Julie Lythcott-Haims talks about racial identity as she's lived it.

Interview Highlights 

Adam Ragusea: Tell me about your title “Real American”. That’s a phrase that has entered public discourse in many ways in recent years.


Julie Lythcott-Haims: Many years ago politicians on the right started using that term “real Americans” to describe a segment of Americans that they felt their message was applicable to, and every time I heard that term “real American”, I knew they weren't talking about me. Folks like me, people of color, people presumed to have gotten here the wrong way. So I wanted to reclaim that term for all of us who are presumed not to be fully American, but the other reason I chose that term is because I am descended from a slave named Silvie who lived in Charleston in the late 1700s. Although the Constitution made her three fifths of a person, she is my great great great great grandmother. They didn't consider her human, but she knew she was here and she made me a “real American”.

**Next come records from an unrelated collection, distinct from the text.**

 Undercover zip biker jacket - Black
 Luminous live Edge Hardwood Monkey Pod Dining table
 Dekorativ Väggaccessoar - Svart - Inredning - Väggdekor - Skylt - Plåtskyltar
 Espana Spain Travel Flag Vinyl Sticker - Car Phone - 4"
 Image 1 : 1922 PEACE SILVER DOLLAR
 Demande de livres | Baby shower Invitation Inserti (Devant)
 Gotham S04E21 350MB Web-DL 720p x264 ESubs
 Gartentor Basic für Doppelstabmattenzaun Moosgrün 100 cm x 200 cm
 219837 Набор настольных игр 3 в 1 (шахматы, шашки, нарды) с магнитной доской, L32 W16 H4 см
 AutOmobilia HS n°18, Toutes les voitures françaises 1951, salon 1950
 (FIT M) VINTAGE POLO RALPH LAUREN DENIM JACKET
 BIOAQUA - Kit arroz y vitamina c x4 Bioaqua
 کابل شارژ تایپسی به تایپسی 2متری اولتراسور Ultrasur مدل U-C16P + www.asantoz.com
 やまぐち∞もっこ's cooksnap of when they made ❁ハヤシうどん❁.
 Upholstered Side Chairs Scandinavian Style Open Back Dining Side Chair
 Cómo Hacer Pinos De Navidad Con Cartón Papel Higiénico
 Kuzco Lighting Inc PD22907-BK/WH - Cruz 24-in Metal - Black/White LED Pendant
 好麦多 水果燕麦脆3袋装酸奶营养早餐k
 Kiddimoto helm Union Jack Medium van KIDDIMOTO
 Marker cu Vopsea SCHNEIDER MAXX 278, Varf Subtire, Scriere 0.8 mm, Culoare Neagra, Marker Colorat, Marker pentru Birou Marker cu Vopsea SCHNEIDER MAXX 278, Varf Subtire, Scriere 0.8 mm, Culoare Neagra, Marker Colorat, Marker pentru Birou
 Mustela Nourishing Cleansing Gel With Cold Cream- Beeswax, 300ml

Ragusea: In your book you talk about being the one person in your neighborhood that looked like you and that led to issues. Tell us about that.

Lythcott-Haims: I mean these are the issues we refer to as “micro aggressions” in today's lexicon. I think in some ways my book in collecting up the various micro aggressions I chose to put in here, which is by no means everything I experienced, I hope I've created a trail of breadcrumbs that leads to this conclusion that “Whoa, in the aggregate, “microaggressions” really distort a person's sense of self and make one contort themselves to try never to be called that N-word again as happened to me when I was in my all white high school serving as a student council president. And on my 17th birthday someone chose to write the N-word on my locker.

Ragusea: That strikes me as a “macro aggression”?

Lythcott-Haims: But I didn't tell anybody Adam because I was ashamed. I knew I was the only black person in my school. I sort of felt that racism had burrowed so into my psyche, that I felt that my job now is to pretend this never happened and to try to be the black person that white people will never call the N-word. So I spent the next twenty-five years performing in a way that I hoped would result in no more scrutiny or judgment or loathing or hatred coming from white folks. I think the point of this book in the aggregate showing all these “microaggressions” in the life of someone who is middle and then upper middle class and highly educated is that racism is agnostic to class.